Polskie Ministerstwo Zdrowia na zgłaszanie uwag do projektu ustawy refundacyjnej przeznaczyło… jeden miesiąc. Zainteresowani mogli opiniować projekt w okresie od 9 września do 9 października 2010 roku. Ustawa weszła w życie wraz z pierwszym stycznia 2012 roku.

Jak zauważa FOR, również jakość procesu konsultacji w Polsce pozostawia wiele do życzenia. Aby ułatwić zainteresowanym przygotowywanie komentarzy do reformy, Brytyjczycy przedstawili opinii publicznej dokument opisujący obecny stan prawny, proponowane zmiany, a także listę pytań do dyskusji w procesie konsultacji.
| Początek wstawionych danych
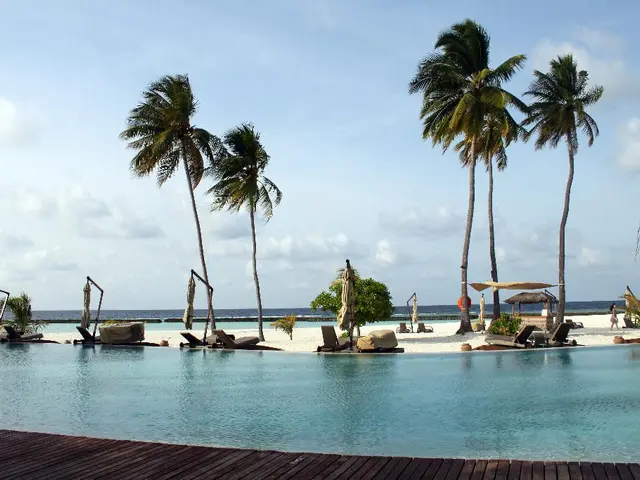 Hidden Florida Gem: A Breathtaking Beach Sanctuary teeming with Wildlife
W Polsce pytania takie wcale nie zostały zadane. Jednak nawet gdyby je zadano, nie miałoby to żadnego znaczenia, ponieważ rząd nie miałby możliwości zapoznania się z komentarzami. Projekt ustawy zatwierdzono bowiem już 14 października 2010 roku, czyli kilka dni po terminie wnoszenia uwag.

Reklama

W Wielkiej Brytanii opublikowano dokumenty zawierające zbiorcze odpowiedzi uczestników konsultacji na wszystkie poddane dyskusji pytania. Ujawniono nadesłanie 188 komentarzy i stworzono zestawienie, w którym ujęto profesje osób zgłaszających uwagi. Dzięki temu wiadomo, że do projektu najwięcej uwag miały firmy farmaceutyczne i pracownicy służby zdrowia. Nie zabrakło także wyjaśnień Ministerstwa na zgłoszone komentarze, a konsultacje zostały podsumowane w dokumencie liczącym w sumie 43 strony.

W Polsce nie przedstawiono żadnego dokumentu, w którym władze podsumowałyby przeprowadzone konsultacje. Nie wiadomo, ile zastrzeżeń zgłosiły zainteresowane strony, a także jaka była treść ich uwag. Ogłoszono jednak, że nowy projekt ustawy refundacyjnej zawierał wnioski i uwagi przesłane w czasie konsultacji społecznych. Jak zauważa FOR, późniejsze strajki lekarzy rodzą wątpliwości, czy tak było w rzeczywistości.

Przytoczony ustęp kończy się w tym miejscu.